Indian railworkers freed in Kashmir

Two of four rail workers helping connect troubled Kashmir with India proper have been freed after being held for ransom, police said Thursday, as six people died in separatist violence in the state.

The 15-year-old struggle claimed more than 80,000 lives

A railway engineer, his brother and two locals involved in the project near Awantipora, 30 kilometres south of the summer capital Srinagar, were abducted by unidentified armed men while travelling in a car after work Wednesday.

One of the Kashmiris was freed late Wednesday and the other released Thursday, but a hunt was still on for Indian engineer Sudhir Kumar and his younger brother, a police spokesman said.

A police official said the abductors were demanding five million rupees ($111,000) to release the men, who were working on a long-delayed project to connect by rail the Muslim-majority Kashmir Valley around Srinagar to the winter capital Jammu and the rest of India.

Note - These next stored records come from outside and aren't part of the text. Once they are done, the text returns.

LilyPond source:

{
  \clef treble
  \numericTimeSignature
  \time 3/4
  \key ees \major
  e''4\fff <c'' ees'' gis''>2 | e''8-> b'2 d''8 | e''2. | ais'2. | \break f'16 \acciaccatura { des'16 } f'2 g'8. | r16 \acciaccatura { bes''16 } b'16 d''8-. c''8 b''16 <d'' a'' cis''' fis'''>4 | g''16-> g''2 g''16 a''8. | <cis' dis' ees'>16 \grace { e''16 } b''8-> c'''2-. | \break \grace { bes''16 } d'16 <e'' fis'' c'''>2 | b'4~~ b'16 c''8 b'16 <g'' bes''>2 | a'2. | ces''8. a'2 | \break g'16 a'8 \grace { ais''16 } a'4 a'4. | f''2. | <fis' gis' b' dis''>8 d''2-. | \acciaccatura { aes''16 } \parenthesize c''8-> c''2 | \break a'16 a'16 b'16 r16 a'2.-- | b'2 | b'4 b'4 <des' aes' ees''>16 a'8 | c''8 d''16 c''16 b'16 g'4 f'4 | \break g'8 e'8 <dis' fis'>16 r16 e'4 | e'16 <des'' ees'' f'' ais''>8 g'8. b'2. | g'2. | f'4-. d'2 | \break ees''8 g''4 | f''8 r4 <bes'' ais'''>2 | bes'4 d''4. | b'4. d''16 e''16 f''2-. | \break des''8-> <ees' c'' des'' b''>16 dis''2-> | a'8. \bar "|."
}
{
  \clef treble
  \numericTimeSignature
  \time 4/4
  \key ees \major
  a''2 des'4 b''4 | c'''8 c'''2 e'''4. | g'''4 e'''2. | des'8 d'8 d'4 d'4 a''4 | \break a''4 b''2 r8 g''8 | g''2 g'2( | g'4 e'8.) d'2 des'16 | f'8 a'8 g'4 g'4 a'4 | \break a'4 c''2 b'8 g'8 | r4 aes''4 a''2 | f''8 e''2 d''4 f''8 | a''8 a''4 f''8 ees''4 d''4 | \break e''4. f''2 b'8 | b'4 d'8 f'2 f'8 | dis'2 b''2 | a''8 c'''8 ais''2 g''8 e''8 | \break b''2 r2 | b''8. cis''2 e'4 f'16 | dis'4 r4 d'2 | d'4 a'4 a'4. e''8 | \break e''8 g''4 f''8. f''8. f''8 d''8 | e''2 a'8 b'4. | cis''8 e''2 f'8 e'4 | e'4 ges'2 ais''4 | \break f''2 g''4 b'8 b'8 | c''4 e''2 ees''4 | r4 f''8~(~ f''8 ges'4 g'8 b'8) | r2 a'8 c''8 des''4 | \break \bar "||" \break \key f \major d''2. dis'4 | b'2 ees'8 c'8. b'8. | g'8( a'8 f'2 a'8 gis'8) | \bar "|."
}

A police statement blamed “Muslim” fighters for the abduction even though no one has claimed responsibility.

Muslim insurgents fighting Indian occupied Kashmir have rarely abducted for ransom, although early in 1989 they captured a number of Indian civil servants and relatives of pro-India politicians.

In other incidents in Kashmir, an Indian soldier and three separatists were killed in three separate shootouts overnight, a police spokesman said.

The abductors were demanding five million rupees ($111,000) to release the men

Indian police official

Separately, armed men burst into a house in northern Kupwara district late Wednesday killing a man and injuring a six year old child, who was in critical condition, the spokesman said.

Police also recovered a bullet-ridden body near the town of the central town of Kulgam. The nature of the killing was not immediately clear.

More than 40,000 people have died in the 15 year Kashmir insurgency by official count. Separatists put the toll at double that, between 80,000 and 100,000.